President of Focus of Marko Lotrič
- Incumbent
- Assumed office 18 January 2025
- Preceded by: Position established

Personal details
- Born: 6 May 1963 (age 63) Kranj, SR Slovenia, Yugoslavia
- Party: Focus of Marko Lotrič (2025–)
- Spouse: Mojca Lotrič ​(1985–)​
- Children: 3

= Marko Lotrič =

Slovenian politician and businessman

Marko Lotrič (born 6 May 1963) is a Slovenian businessperson and politician. Since December 2022, he is serving as President of the National Council of the Republic of Slovenia. In January 2025, he founded his own political party Fokus.

== Early life ==
Marko Lotrič was born on 6 May 1963 in Kranj. He grew up on a farm in Selca in a family with a brother and a sister. He also attended primary school in Selca. He later enrolled at the School Center Kranj – Secondary Technical School, specializing in electrical engineering.

== Business career ==
Lotrič obtained his first employment at the company Niko Železniki, where he worked as a toolmaker. At the invitation of a neighbor, he also worked at the company Tehtnica Železniki.

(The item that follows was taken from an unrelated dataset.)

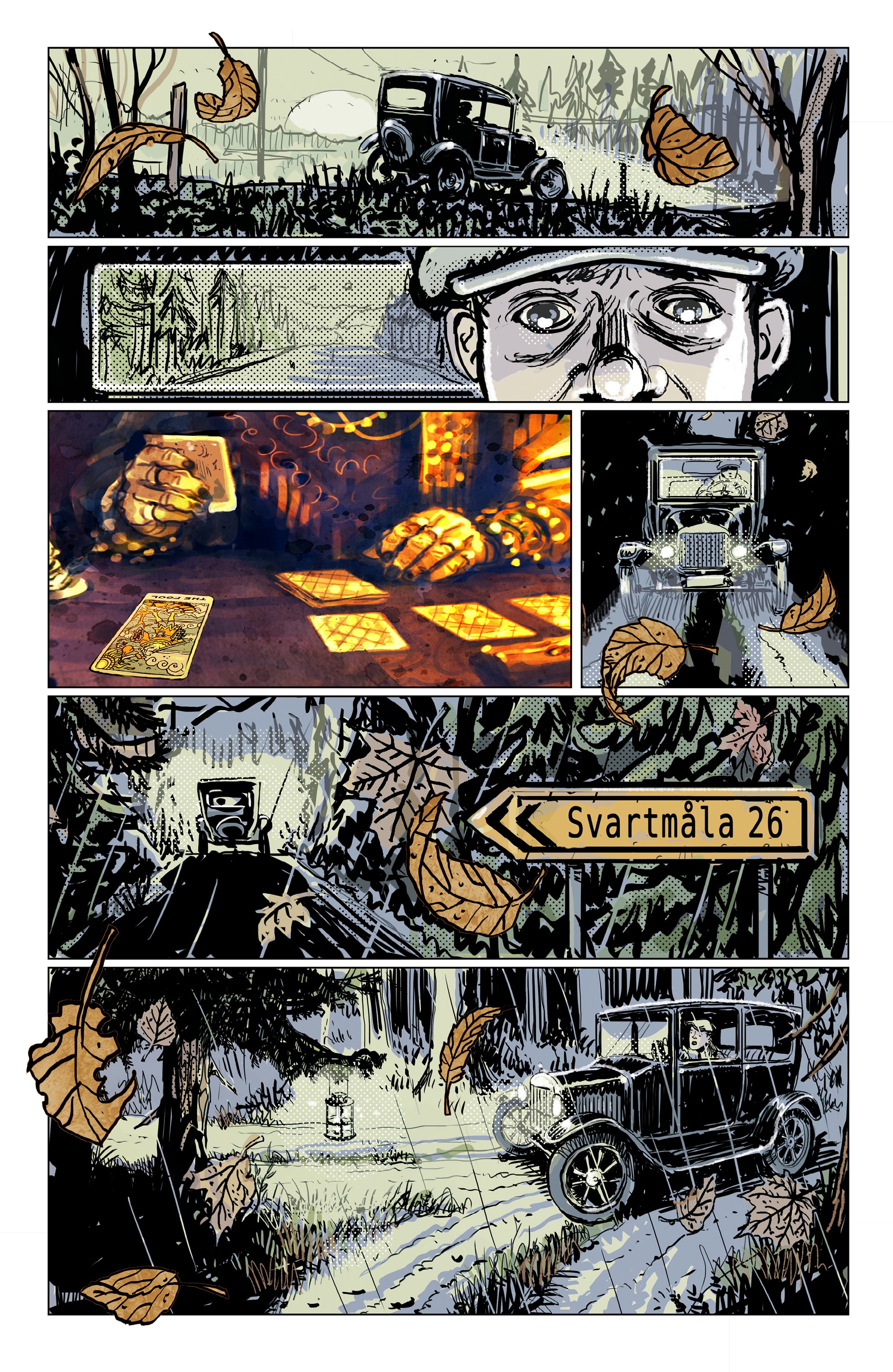 Read online The Northern Dark comic -  Issue #1 - 16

He began his independent professional path by opening a business for the calibration of scales, weights, and pipettes. His mentor in the field was Jože Nograšek. In 1991, he founded the Lotrič Metrology Group, which operates ten companies in eight countries and employs 190 people. In Slovenia, the companies Lotrič Certificiranje and PSM Merilni sistemi also operate. In 2012, the company received the Republic of Slovenia Award for Business Excellence.

In 2017, the Lotrič family signed a family constitution, in which he committed to transferring company leadership by the age of 60. Upon assuming the position of President of the National Council in December 2022, Lotrič handed over company management to his youngest daughter Maja Brelih Lotrič.

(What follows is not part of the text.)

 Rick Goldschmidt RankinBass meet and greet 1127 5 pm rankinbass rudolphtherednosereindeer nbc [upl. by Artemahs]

Lotrič is a member of the Slovenian Entrepreneurs Club and heads the Association of Employers of Crafts and Small Business of Slovenia.

== Politics ==
Lotrič was elected to the National Council of the Republic of Slovenia as a representative of employers. On 12 December 2022, he assumed the position of President of the Council.

On 18 January 2025, at Brdo pri Kranju, he founded his own party Focus of Marko Lotrič and was elected as its president. He identified craftsmen and entrepreneurs as the main electoral base of Fokus.

== Personal life ==
He is married and the father of three children. In addition to his native language, he also speaks English, Croatian, and Serbian.